• [Work instructions]: Repeat exactly the lines of the material below that run from the "Set da pranzo" line to the "Chart showing the organisations structure" line, including both, and do not carry over any pictures.

• [Data to process]:

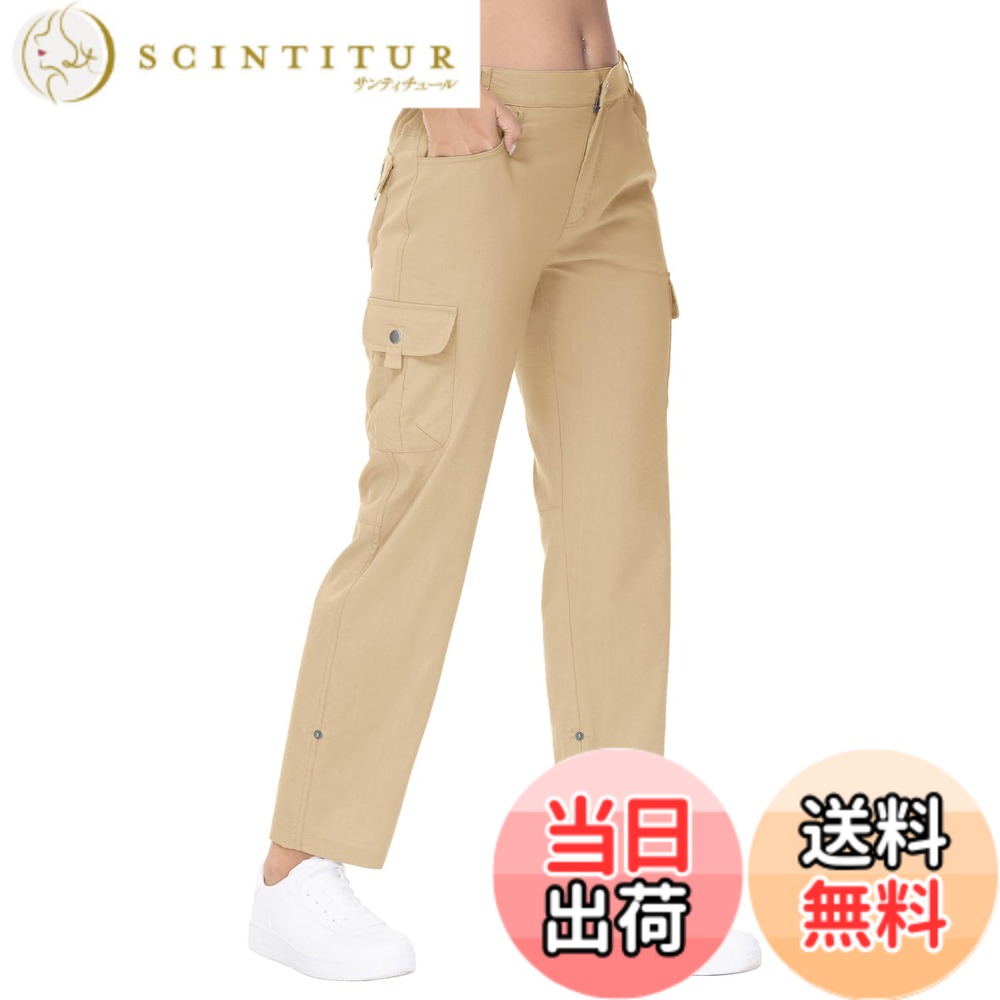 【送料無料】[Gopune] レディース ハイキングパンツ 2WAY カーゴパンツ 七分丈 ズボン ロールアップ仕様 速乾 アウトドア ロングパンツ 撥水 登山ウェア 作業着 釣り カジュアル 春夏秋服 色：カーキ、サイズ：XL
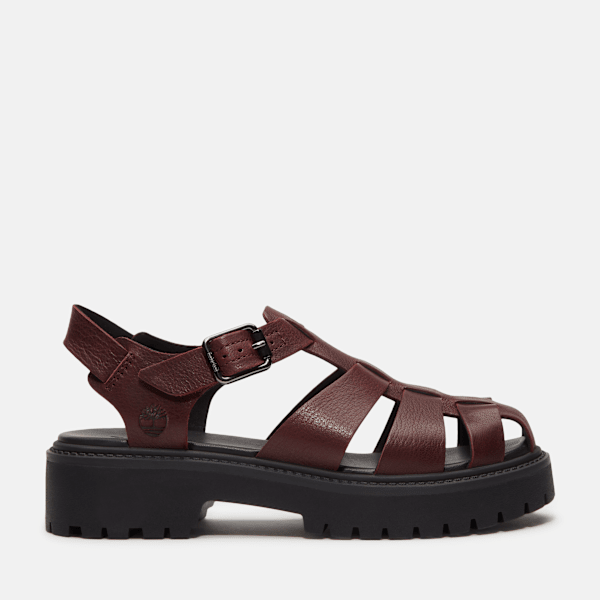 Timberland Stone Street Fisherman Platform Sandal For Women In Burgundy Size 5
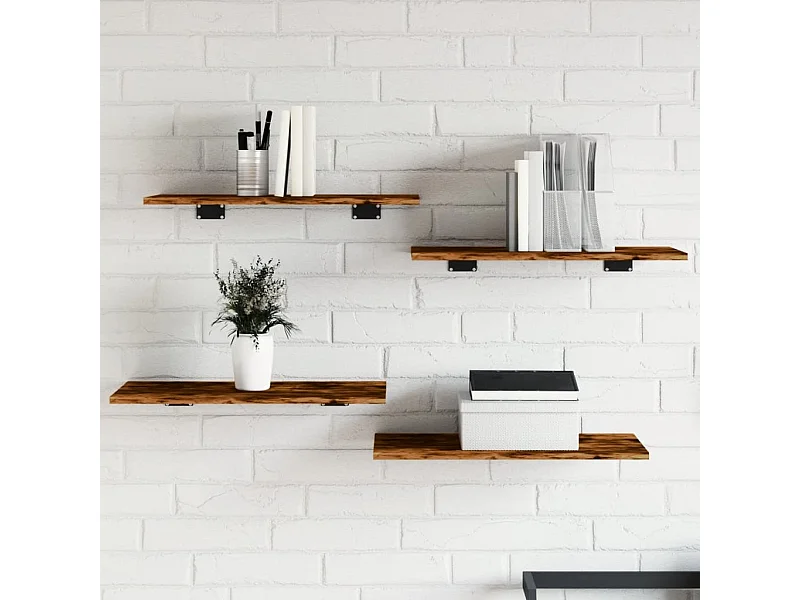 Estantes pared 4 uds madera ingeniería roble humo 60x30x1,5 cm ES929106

--

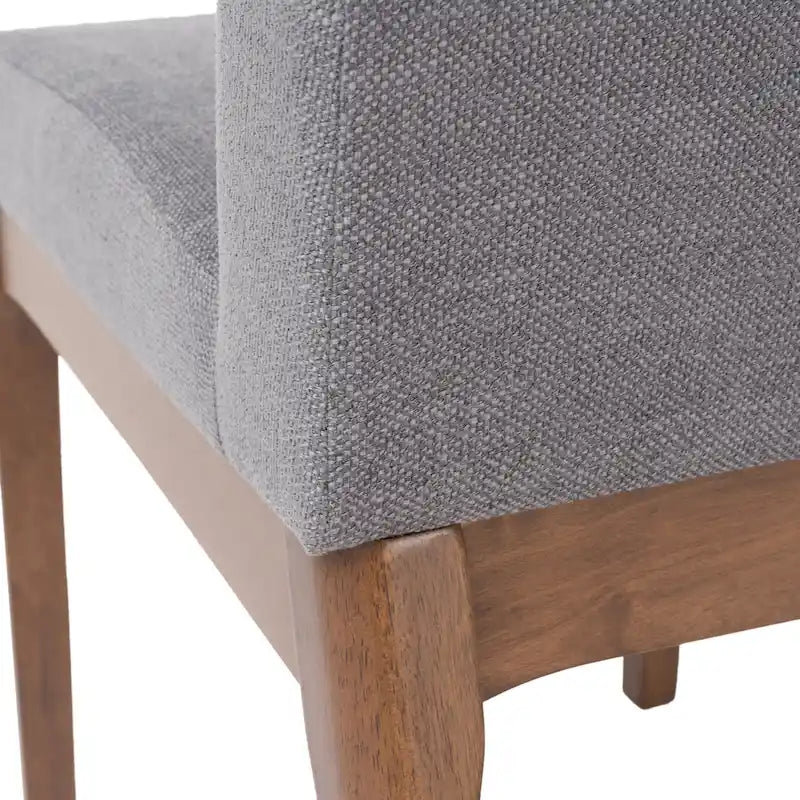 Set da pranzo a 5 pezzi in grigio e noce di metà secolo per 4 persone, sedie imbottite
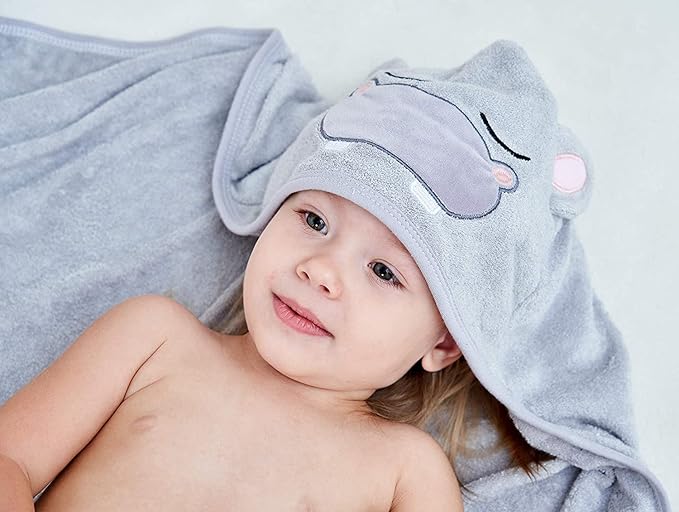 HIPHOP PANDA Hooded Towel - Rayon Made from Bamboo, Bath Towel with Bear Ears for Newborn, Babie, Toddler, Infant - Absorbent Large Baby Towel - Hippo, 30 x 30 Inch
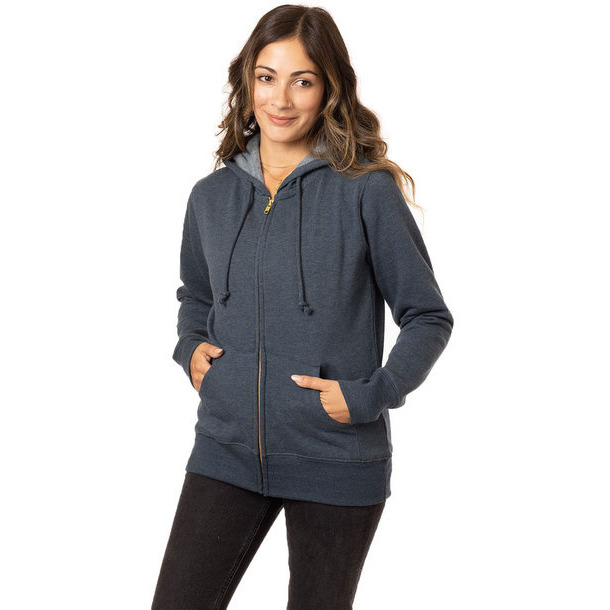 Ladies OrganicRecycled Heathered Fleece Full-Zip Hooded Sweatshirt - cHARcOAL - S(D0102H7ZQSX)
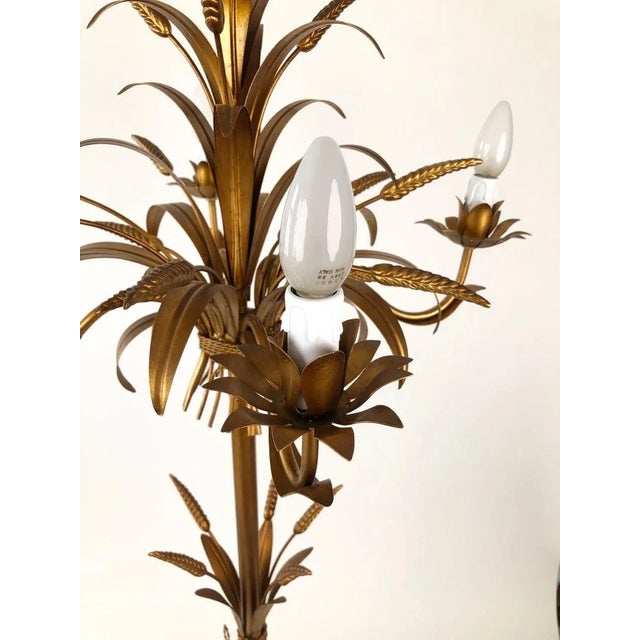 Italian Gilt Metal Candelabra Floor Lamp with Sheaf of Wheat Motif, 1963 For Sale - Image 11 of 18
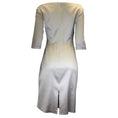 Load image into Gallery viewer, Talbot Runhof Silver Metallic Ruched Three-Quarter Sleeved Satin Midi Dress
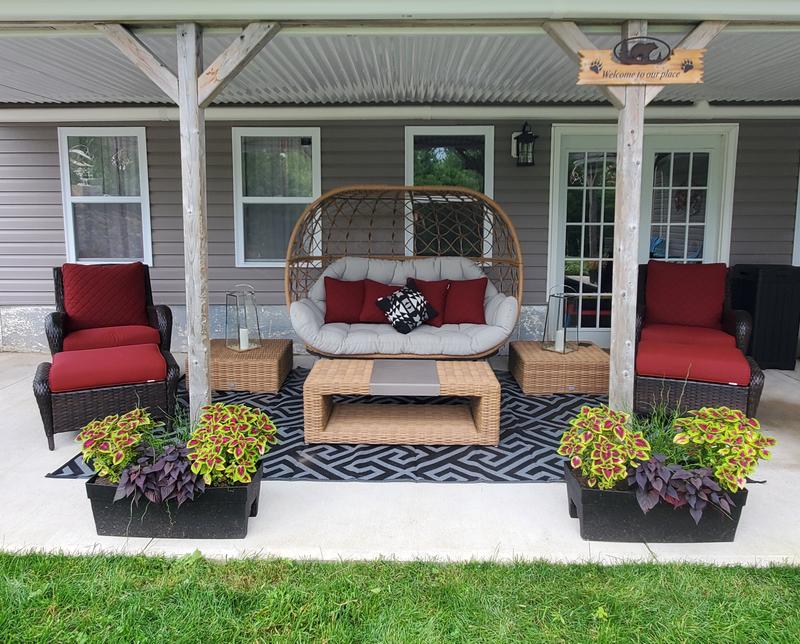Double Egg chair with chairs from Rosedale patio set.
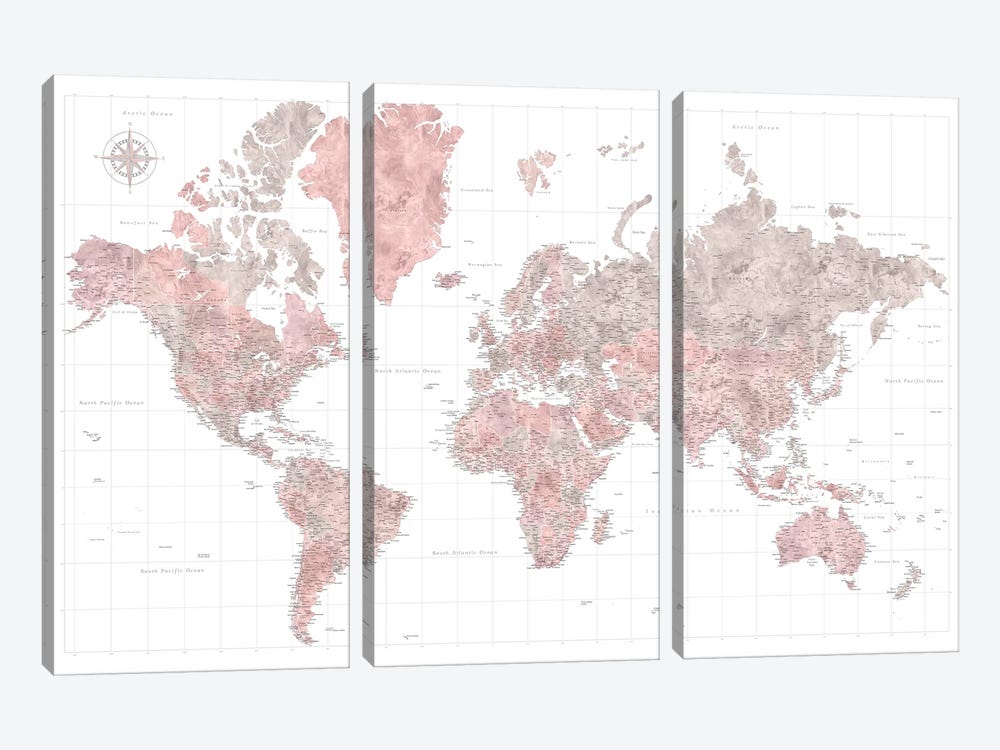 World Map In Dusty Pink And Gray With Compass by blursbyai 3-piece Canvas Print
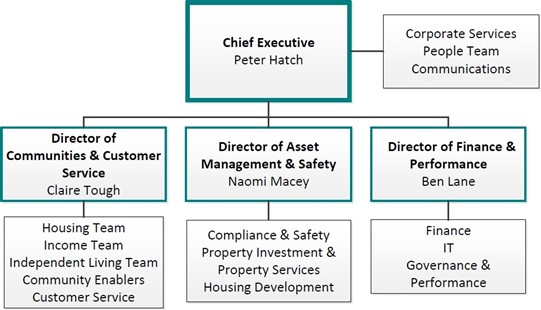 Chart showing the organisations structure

* * *

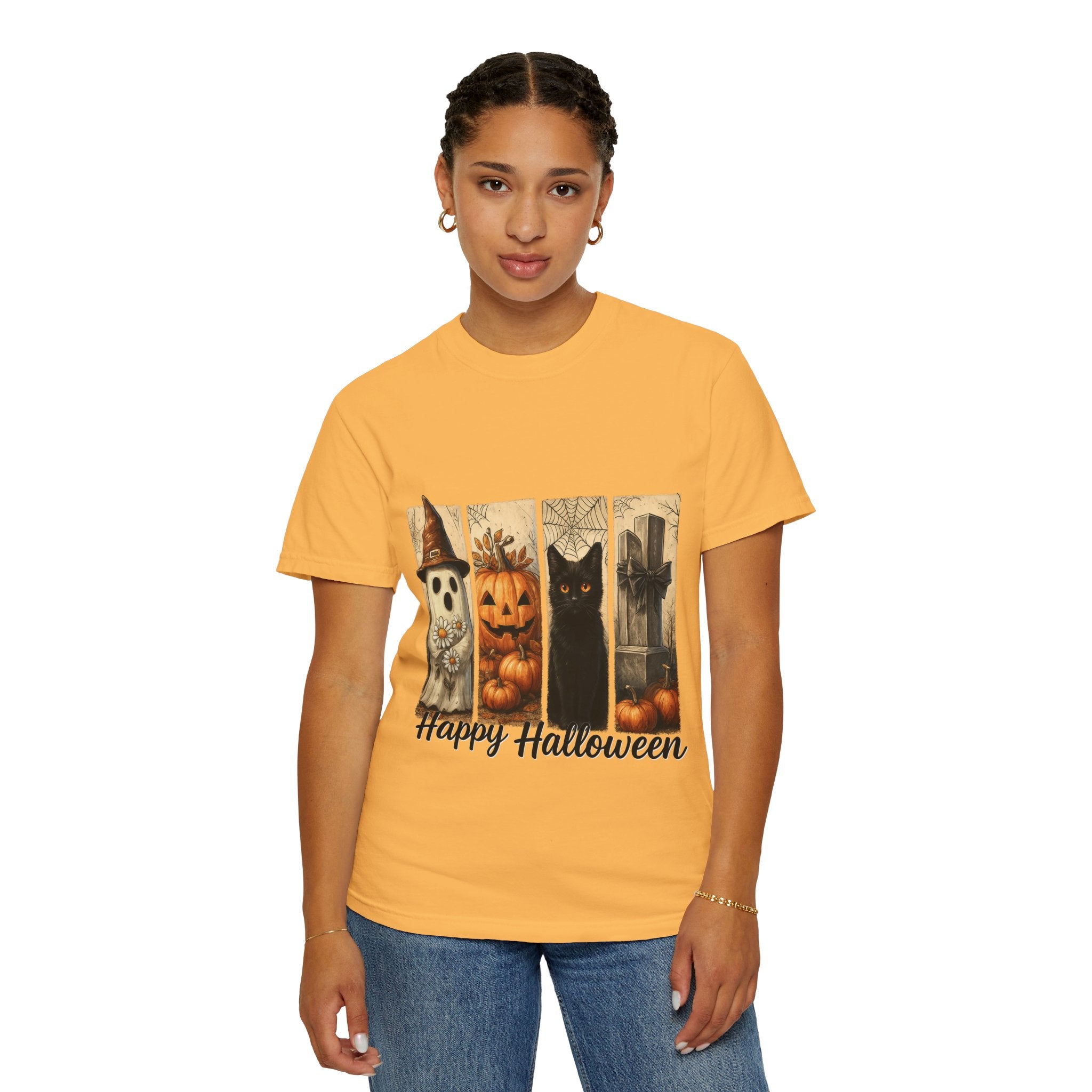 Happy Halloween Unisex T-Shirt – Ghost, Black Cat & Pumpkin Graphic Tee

• [Written answer]:
 Set da pranzo a 5 pezzi in grigio e noce di metà secolo per 4 persone, sedie imbottite
 HIPHOP PANDA Hooded Towel - Rayon Made from Bamboo, Bath Towel with Bear Ears for Newborn, Babie, Toddler, Infant - Absorbent Large Baby Towel - Hippo, 30 x 30 Inch
 Ladies OrganicRecycled Heathered Fleece Full-Zip Hooded Sweatshirt - cHARcOAL - S(D0102H7ZQSX)
 Italian Gilt Metal Candelabra Floor Lamp with Sheaf of Wheat Motif, 1963 For Sale - Image 11 of 18
 Load image into Gallery viewer, Talbot Runhof Silver Metallic Ruched Three-Quarter Sleeved Satin Midi Dress
Double Egg chair with chairs from Rosedale patio set.
 World Map In Dusty Pink And Gray With Compass by blursbyai 3-piece Canvas Print
 Chart showing the organisations structure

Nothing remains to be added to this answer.